By the way, if you ever meet someone who claims they always top tick or buy every bottom, and have perfect timing, run as fast as you can.
Moreover, the former “beltway boy wonder” doesn’t have to make his money trading and can maintain his conviction without going bankrupt or losing his career. He will eventually be right. It’s all timing, my friends.
Listening to him today, we respect him even more for his intellectual honesty. We have always perceived Mr. Stockman as a supporter of the president, but we could be wrong.
He never allows his politics to warp his analysis. Rare and refreshing.
Taken To Woodshed
He was famously “taken to the woodshed” by President Reagan for his statements in a 1981 Atlantic Monthly article, that “supply-side economics — the backbone of the Reagan economic revolution – was a ‘Trojan horse’ that would ultimately benefit the rich.”
He laid it all out there today and held nothing back.
Massive trade war won’t solve deficits, says former Reagan WH budget director from CNBC.

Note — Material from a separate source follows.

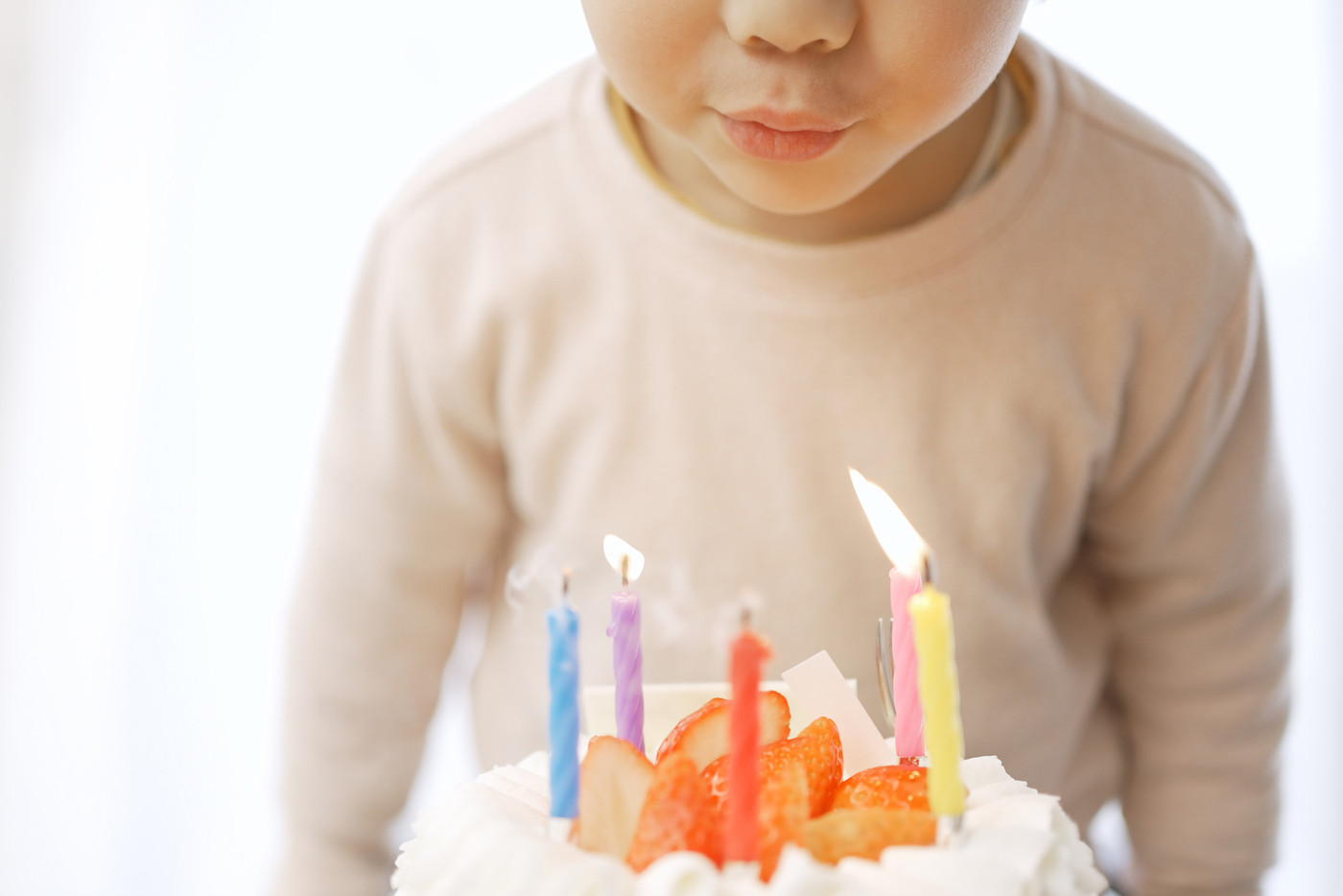 誕生日ケーキのロウソクの火を吹き消すアジア人の男の子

Money quotes from today’s interview *
Imbalances are not the result of bad trade deals
We have had 43 straight years of large and growing current account deficits, that is a monetary issue
A trade war is not going to solve it…let interest rates find their right level
The fact is, we are heading into a massive trade war in the world
Trump doesn’t know what he’s doing at all. He is making it up. He is a hopeless protectionist with a 17th-century view of the world
We have an absurd policy — dangerous, stupid. The worst that I’ve seen since my whole career started in 1970 under [President Richard] Nixon, and he did some crazy things
The market marches to new highs until it doesn’t
In 1990…the average tariff in China was about 30 percent, the average tariff in China today is 3 ½ percent. It is not an issue
What they [Trump administration] are objecting to is China’s policy of “no ticky, no washy.” In other words, if you want to come to China and do business, you have to be in a joint venture and share your technology
If somebody wants to go to China so they can come on CNBC and brag they are in a growth market then they ought to put up with the local regulations
Don’t start a trade war and throw the soybean farmer under the bus because of some big business lobby in Washington is whining about China’s terms of business
*the interview was concluded before the announcement of a 10 percent on an additional $200 billion of Chinese imports was published by the USTR after the market close.
Tough words.
No Reagan Moment On Free Trade
Sorry, Mohamed, we love you but there will be no “Reagan Moment” for International Trade. We hope we are wrong, and we could be, but we don’t think so.
, the ultimate free-trader. Larry Kudlow and Stephen Moore now talking tariffs? This is not an administration looking to further trade, in our opinion, but one only to protect and coddle its political base.
Trump’s triggers his base with words such as “free trade,” among others, and blames much of their problems on the “bad trade deals” of previous administrations. It works for him. Why fix it?
But those who, like me, thought Trump’s bark would be worse than his bite on trade are having second thoughts about where all of this might lead. – Dani Rodrik
President Xi Won’t Back Down
Moreover, how in the world can President Xi, after consolidating power for life as the country’s ultimate strongman now back down and look weak to the Chinese people? China has secured the high ground of multilateralism. Even if it’s bullshit or not. Furthermore, the U.S. appears to be growing exponentially more isolated.
Nonlinear Dynamics
As we posted on Friday, we are now in a nonlinear trajectory. Things can unravel fast, or be put right quickly. Maybe the Senate? Nobody knows where this will end up.
We have all learned over the past 18 months that the president is capable of doing a 180,even in mid-sentence, and convince himself he held the position all along. That unpredictability makes it a risky trade.
Markets In The Land Of Pharaoh
It does feel the markets are in Egypt, however. The land of de Nile.
The post-war international order is more at risk of unraveling – and we are not saying its demise is imminent – than is currently priced.